Another role of methylation is to help the enzymes in our bodies work efficiently. Enzymes are proteins that act as switches for chemical reactions – they initiate essential processes in every cell and tissue. In a similar way, methylation affects our genes, which are also made up of proteins. Methylation can turn genes on or off, which can be good or bad for our health, depending on the gene.
Some nutrients affect the process of methylation quite dramatically. Methyl donors donate methyl groups to proteins and methylating factors (nutrients like vitamin B12 and zinc) help this process along by monitoring specific methylation reactions. How well your body can methylate is important to your overall health.
Methylation Regulation and Distribution
HOW IS METHYLATION REGULATED?
Methylation is regulated by Enzymes and Substrate (end product)
1. Many enzymes require cofactors for activation, and these cofactors are derived from vitamins or minerals.
2. Cofactors are required to complete the process
3. Cofactors are required to turn off methylation
4. Excessive substrates may turn off methylation (feedback inhibition)
HOW IS METHYLATION DISTURBED? METHYLATION IS OFTEN DISTURBED BY VARIOUS MECHANISMS
1. Genetic mutations
2. A lack of cofactors driving methylation forward (e.g., zinc, magnesium, and B6)
3. Medications (e.g., antacids)
4. Specific nutrients depleting methyl groups (e.g., niacin)
5. Environmental toxicity, heavy metals, chemicals (e.g., acetaldehyde, arsenic, and mercury)
6. Excessive substrate (feedback inhibition)
7. The lack of sufficient methyl donors requires more specific medications, such as methotrexate
WHAT IS MTHFR?
• MTHFR is an enzyme responsible for converting 5,10-methylenetetrahydrofolate to the product 5-methyltetrahydrofolate. It is involved in the metabolism of folate and homocysteine.
• The product of the reaction catalyzed by MTHFR converts homocysteine (a potentially toxic amino acid) to methionine (a useful and necessary amino acid).
WHY IS MTHFR GENOTYPING IMPORTANT?
• Certain mutations in the gene coding for MTHFR produce an enzyme that has reduced activity.
• Reduced activity diminishes your overall ability to methylate, which affects all cells in your body, including the expression of your DNA.

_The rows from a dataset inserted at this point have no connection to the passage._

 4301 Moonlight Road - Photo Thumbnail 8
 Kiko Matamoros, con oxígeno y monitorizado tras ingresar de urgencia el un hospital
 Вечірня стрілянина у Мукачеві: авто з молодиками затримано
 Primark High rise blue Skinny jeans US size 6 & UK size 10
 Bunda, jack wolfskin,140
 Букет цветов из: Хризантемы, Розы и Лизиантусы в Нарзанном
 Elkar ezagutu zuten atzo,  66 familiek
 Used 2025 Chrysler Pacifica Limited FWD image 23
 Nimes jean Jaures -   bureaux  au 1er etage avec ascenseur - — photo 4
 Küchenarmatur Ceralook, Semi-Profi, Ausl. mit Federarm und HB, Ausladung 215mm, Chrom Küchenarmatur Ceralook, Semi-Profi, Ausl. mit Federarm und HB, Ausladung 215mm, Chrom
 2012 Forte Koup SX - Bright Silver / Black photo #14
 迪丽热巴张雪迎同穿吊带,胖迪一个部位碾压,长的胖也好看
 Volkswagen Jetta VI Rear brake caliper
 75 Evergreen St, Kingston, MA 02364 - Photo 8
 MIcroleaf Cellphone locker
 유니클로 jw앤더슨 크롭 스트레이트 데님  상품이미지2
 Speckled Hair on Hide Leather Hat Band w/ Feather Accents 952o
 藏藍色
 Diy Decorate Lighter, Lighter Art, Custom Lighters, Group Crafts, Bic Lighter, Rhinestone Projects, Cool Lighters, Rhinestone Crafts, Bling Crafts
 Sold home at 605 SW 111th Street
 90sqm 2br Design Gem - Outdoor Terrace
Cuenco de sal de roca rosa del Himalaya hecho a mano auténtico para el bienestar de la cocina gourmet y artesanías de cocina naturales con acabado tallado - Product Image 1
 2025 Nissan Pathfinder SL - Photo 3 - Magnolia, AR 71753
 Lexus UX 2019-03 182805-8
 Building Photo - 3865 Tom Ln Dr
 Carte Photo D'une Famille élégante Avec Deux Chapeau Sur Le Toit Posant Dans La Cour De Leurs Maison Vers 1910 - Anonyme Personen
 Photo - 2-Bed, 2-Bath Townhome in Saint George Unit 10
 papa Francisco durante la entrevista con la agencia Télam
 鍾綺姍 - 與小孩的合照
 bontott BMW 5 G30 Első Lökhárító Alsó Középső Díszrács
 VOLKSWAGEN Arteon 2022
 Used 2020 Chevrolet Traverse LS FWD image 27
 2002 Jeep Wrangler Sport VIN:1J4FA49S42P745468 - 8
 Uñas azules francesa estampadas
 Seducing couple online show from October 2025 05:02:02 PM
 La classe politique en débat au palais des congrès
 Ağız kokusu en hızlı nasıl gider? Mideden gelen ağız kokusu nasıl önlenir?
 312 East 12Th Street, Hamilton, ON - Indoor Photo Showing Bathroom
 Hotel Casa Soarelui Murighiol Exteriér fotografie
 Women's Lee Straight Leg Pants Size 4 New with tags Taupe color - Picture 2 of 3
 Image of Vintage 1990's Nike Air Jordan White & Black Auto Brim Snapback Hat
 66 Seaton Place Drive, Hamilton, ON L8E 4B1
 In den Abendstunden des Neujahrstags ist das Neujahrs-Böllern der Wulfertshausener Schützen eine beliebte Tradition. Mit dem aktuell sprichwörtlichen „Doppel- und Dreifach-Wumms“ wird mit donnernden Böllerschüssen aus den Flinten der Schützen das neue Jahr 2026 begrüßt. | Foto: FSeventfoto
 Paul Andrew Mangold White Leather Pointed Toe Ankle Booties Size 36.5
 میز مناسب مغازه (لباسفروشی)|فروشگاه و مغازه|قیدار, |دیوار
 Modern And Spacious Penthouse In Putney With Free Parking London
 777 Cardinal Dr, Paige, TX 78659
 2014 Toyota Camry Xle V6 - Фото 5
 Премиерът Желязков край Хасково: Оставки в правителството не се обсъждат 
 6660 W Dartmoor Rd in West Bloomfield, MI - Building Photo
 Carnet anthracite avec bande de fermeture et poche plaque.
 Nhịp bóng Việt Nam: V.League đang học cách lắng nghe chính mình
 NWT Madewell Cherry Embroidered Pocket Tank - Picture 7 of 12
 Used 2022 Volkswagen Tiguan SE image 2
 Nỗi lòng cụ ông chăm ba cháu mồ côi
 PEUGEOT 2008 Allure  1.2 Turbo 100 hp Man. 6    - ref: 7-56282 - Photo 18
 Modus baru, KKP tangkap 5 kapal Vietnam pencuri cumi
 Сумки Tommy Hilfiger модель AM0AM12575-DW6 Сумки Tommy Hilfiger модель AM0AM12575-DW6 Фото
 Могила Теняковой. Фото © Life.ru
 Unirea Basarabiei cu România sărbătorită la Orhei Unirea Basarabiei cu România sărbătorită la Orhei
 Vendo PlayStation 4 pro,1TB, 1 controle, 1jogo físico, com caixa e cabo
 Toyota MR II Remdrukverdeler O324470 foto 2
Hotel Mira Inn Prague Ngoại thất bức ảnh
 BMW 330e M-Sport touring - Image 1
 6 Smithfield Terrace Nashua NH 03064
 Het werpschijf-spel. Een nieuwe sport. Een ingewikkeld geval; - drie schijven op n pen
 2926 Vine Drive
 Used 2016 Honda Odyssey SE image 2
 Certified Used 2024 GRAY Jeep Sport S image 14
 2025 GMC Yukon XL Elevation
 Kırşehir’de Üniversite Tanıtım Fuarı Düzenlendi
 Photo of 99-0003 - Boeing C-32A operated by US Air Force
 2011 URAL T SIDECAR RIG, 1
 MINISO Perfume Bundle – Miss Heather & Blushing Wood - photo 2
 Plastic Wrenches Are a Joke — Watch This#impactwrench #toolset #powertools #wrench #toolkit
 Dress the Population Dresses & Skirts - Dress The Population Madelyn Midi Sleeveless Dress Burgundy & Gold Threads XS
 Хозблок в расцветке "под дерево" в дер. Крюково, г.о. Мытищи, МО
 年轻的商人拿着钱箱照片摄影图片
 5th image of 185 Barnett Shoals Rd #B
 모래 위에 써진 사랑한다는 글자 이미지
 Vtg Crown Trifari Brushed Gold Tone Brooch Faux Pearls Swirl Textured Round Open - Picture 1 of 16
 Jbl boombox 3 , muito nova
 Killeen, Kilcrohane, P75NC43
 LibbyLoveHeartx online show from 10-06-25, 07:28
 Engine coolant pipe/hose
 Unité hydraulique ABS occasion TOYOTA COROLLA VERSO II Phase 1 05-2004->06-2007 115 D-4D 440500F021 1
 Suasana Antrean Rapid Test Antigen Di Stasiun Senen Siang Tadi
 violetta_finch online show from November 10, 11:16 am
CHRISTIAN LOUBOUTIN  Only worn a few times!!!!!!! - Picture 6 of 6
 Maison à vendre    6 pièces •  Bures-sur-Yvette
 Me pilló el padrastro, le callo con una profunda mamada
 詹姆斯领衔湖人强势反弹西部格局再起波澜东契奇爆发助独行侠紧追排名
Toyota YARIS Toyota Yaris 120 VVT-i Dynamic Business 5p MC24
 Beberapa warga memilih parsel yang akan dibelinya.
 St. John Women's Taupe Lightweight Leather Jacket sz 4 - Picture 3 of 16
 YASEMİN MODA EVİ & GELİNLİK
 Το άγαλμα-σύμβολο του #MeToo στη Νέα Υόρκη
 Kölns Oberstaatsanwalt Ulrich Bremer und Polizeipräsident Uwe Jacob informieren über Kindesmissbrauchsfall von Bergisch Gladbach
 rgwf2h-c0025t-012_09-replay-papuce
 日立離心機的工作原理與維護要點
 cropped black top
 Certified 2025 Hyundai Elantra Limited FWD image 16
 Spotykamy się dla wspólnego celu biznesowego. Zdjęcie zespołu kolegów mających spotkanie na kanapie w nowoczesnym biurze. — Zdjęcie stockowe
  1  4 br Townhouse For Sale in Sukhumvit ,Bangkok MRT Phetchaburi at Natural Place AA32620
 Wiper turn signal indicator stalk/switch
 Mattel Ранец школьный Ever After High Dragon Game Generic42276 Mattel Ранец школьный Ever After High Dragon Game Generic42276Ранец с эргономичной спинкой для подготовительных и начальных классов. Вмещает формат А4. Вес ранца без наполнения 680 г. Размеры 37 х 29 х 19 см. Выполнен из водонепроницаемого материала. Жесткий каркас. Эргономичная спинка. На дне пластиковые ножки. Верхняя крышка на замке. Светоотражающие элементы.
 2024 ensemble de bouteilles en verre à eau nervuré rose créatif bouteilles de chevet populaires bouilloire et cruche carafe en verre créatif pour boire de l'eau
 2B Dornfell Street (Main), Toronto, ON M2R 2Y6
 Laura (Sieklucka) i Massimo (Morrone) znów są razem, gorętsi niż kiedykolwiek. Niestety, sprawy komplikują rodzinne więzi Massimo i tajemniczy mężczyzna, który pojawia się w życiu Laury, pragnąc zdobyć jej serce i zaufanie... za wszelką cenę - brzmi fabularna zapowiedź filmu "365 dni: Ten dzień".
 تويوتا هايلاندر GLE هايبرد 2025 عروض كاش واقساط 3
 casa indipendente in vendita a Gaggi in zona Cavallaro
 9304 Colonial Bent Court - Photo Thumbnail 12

• Reduced activity can lead to elevated levels of homocysteine (a.k.a. hyperhomocysteinemia), especially when folate levels are low.
• High homocysteine (>13umol/L) may double the risk of developing illness or complications.
• MTHFR genotyping can provide information about potential causes of elevated homocysteine and approaches for addressing it.
• Based on MTHFR and homocysteine results, physicians can develop dietary and medical recommendations.
• Discovering your MTHFR genotype can provide valuable information about how to support your biochemical pathways to facilitate optimum health.
• An increased intake of 5-methyltetrahydrofolate alone or in combination with methyl B12 and B6 is recommended.
• Based on the results, recommendations for methotrexate dosage can be adjusted.
WHAT MEDICAL CONDITIONS MAY BE AFFECTED BY VARIANT COPIES OF THE MTHFR GENOTYPE?
IF I HAVE VARIANT COPIES OF THE MTHFR GENE, WHAT CAN I DO?
Nutrition plays a substantial role in methylation pathways. You can compensate for your body’s inability to methylate efficiently since this biological process is dependent on several vitamins. You may need more B vitamins than someone without a variant copy of this gene, such as B6, methyl B12, and the active form of folate. Other methyl donors such as choline, SAMe, and trimethylglycine (betaine) may also provide benefits. If you have a variant copy of the MTHFR gene, it is important to monitor your homocysteine level as well. Fortunately, lowering homocysteine can often be done with the nutrient supplements listed above.